In my class we recently discussed a paper by Higgins and Rodriguez (2006)—published in the Journal of Financial Economics—that contains an important lesson for researchers who want to apply the difference-in-differences (DiD) method in competition analysis and merger control.
“We find evidence consistent with the proposition that deteriorating R&D productivity could be the motivation underlying the acquisition of research-intensive firms.”
DiD estimators try to solve the problem of causal inference by comparing a treatment and control group over time. In competition analysis, this technique is often applied to compare a group of firms that engage in mergers and acquisitions (treatment group), with another group of firms that don’t (control group). The goal is to see whether the acquiring firms are able to charge higher prices due to lower competition in the aftermath of a merger.

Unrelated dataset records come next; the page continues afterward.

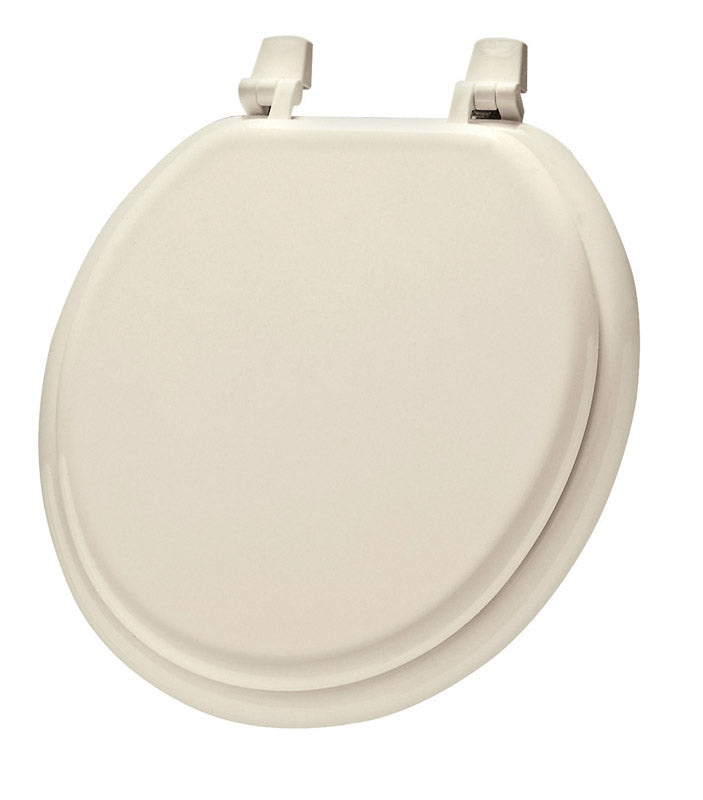 Mayfair Wood Toilet Seat Round Bone – Shell Lumber and Hardware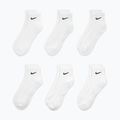 Calzini Nike Everyday Cushioned 6 paia white/black 3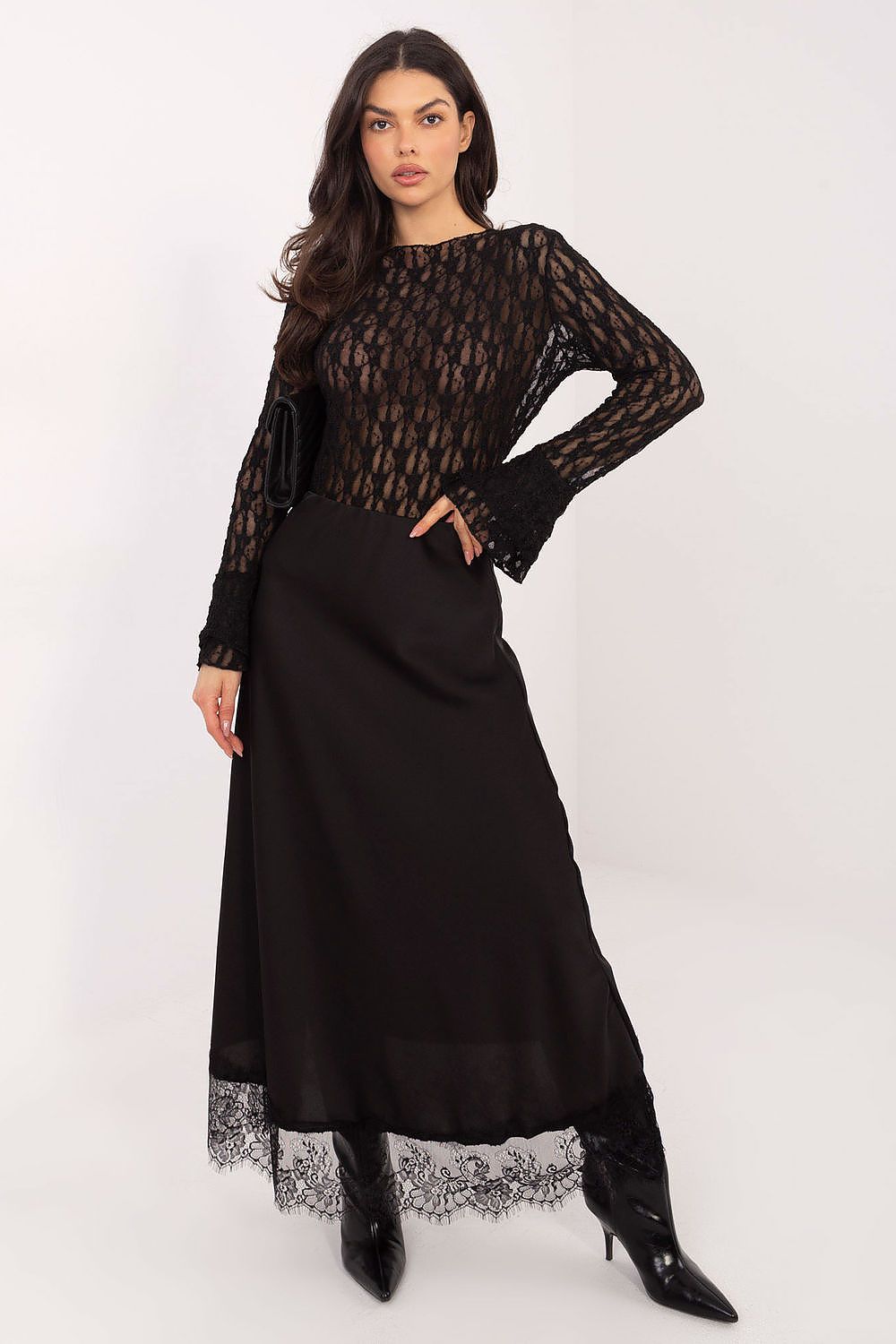 Blouse en dentelle model 222446 Italy Moda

To get the intuition behind DiD, have a look at the figure below. First, we need to check the difference in average price levels between both groups before the acquisition (difference 1). Second, we assess the difference in prices after the acquisition (difference 2). If difference 2 is larger than difference 1, we have solid evidence that acquiring firms are able to charge higher prices because of the anticompetitive effects of the merger. In this case, an antitrust authority such as the FTC or the European Commission would probably want to intervene to protect consumer interests.
By now the name should also make sense. The causal effect of acquisitions is estimated by looking at the difference (or change) between difference 1 and difference 2:
Effect of acquisitions = difference 2 – difference 1
The great advantage of DiD estimators is that treatment and control groups don’t have to be entirely similar, like with other statistical methods. That means, it’s no problem if there is a positive difference 1 before the acquisition. This milder requirement is great in applied work, because we know that acquirers are often very different from the general population of firms (larger, greater financial resources, etc). However, the causal interpretation of DiD estimators hinges crucially on the assumption that nothing else of importance changes in the meantime. Everything on top of difference 1 is attributed to the effect of the treatment. Therefore, simultaneous changes in firms’ prices due to other influence factors need to be ruled out. We also say that the difference between treatment and control group needs to be “time-invariant” or “constant over time”.
This brings me back to the quote from above. Higgins and Rodriguez show that firms in the pharmaceutical industry make use of acquisitions predominantly in times when their own product pipeline is deteriorating. I.e., they buy up other firms when their own drug portfolio starts to become less profitable and no new blockbuster drugs are in sight. Hence, without their acquisitions, they would probably be forced to charge lower prices some time soon. If their M&A strategy plays out though, they can add a bunch of drugs with healthy sales forecasts to their existing portfolio and, at the same time, get rid of some annoying competitors to fight the price decline.
If that’s the case, however, the time-invariance assumption mentioned earlier would be violated and our DiD estimates might be biased. Then, even if there was an anticompetitive effect of mergers and acquisitions, we wouldn’t be able to detect it, because only firms with a declining sales and R&D trajectory engage in them. All we would find, would be price levels staying the same for acquiring firms compared to firms from the control group. Consequently, competition authorities would remain inactive although they should better stop those acquisitions for the good of consumers.
In pharma—the industry Higgins and Rodriguez study—all these things are nicely observable since products are well-defined and their sales forecasts are quite predictable. Drugs are usually patent-protected, which gives firms monopoly rights for a certain period of time, after which sales drop sharply due to competition from generic drugs. Moreover, future drug developments are easy to trace, because firms need to apply for FDA approval way in advance. But if similar things are going on in other industries too—and it’s hard to tell—we should be cautious with interpreting difference-in-differences estimates in competition policy analysis.